# Is there a better way to cut copper wire?



## Slowmovangogh (Apr 27, 2021)

So I managed to score a bunch of copper wire while dumpster diving. It's definately not as much as I need but it will get me started. Does anyone know of an efficient, quick way of cutting it up into little bits? I've been doing it with wire cutters (good ones) and it seems like it is going to take a ridiculusly long time to do it. There's got to be a better way.


----------



## Mjbottle (Apr 27, 2021)

I found that doing it manualy my best bet was cable cutters, they have rounded cutting edges so you can cut more at a time..meaning if you have a single conductor copper wire you can fold it over several times instead of snipping off one little bit at a time, hopefuly this helps,


----------



## westKYdigger (Apr 27, 2021)

This was posted on a thread about 7 years ago.




    I use something similar.  Its basically a hole in a block of metal.  Use a large drill for longer cuts.


----------



## Mjbottle (Apr 27, 2021)

westKYdigger said:


> This was posted on a thread about 7 years ago.View attachment 224181View attachment 224180    I use something similar.  Its basically a hole in a block of metal.  Use a large drill for longer cuts.

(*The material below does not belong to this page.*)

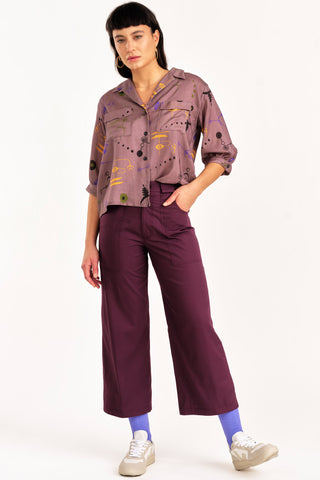 Woman wearing button up shirt with purple organic cotton cropped Elliot pants by Jennifer Glasgow.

Thats interesting? How does it cut?


----------



## Slowmovangogh (Apr 29, 2021)

I think it would probably take longer for me to figure out how to rig something comparable but I do appreciate the input. I'll fish around and see if I can come up with anything... thanks.


----------



## Vinewood (May 3, 2021)

Here is another photo from the archives, but I did it a different way using a drill press. Referencing the photo will help with my explanation.
Find a piece of mild steel plate at least 3/8" of an inch thick. (or some angle iron, you just need a flat spot to drill a hole)
Drill a 1/4" to 3/8" hole through the plate about 1/4" from the edge.
Drill another hole, just big enough to fit your wire in, through the edge of the steel plate, so that the holes intersect.
Insert the larger bit back into your drill press.
With the drill press OFF, set the press table as high as it will go, and/or crank the drill down so that goes through the larger hole in your steel plate.  I had to reverse my depth stop to hold the press in the down position.
Clamp the steel plate to your drill press table.
Hand turn the drill before turning on the drill press and make sure you are in alignment.
With the press running, feed your wire through the small hole and into the side of the bit, and the chops will fly.
I split open one side of a large trash bag and draped it around and under the drill press to catch everything.

NOTE1: run a strong magnet over your cut copper to get out the bits of steel that WILL get mixed in.
NOTE2: Tumble just your copper with oxide to clean it before tumbling good bottles with it.
NOTE3: When your larger hole in the steel wears to the point your bit wobbles and your copper jams up, DRILL ANOTHER HOLE and start again.
NOTE4: Be ready to turn off your drill press promptly when, not if, it jams.
NOTE5: DO THIS AT YOUR OWN RISK!!!!!!

In the 1990's I cut about 40 pounds of copper this way, mostly #14 and #16, that I still use today.
I have another 50 pounds of #12 short cut that came with a used machine, and I bougnt another 50 pounds from the Jar Doctor of #14 short cut.  If you are buying copper, which I highly suggest, BUY ONLY THE #14 SHORT CUT.  It cleans better around the embossing and other "tight" spots.
Also, I use only a 1/30th inch size mesh strainer when rinsing my copper. I only lose pieces the size of pepper through the strainer.
As your copper wears down, the little bits of copper are exactly what you need for cleaning around intricate embossing or other details.


----------



## Slowmovangogh (May 5, 2021)

Definitely going to give this a try. Thanks for the elaborate instructions.


----------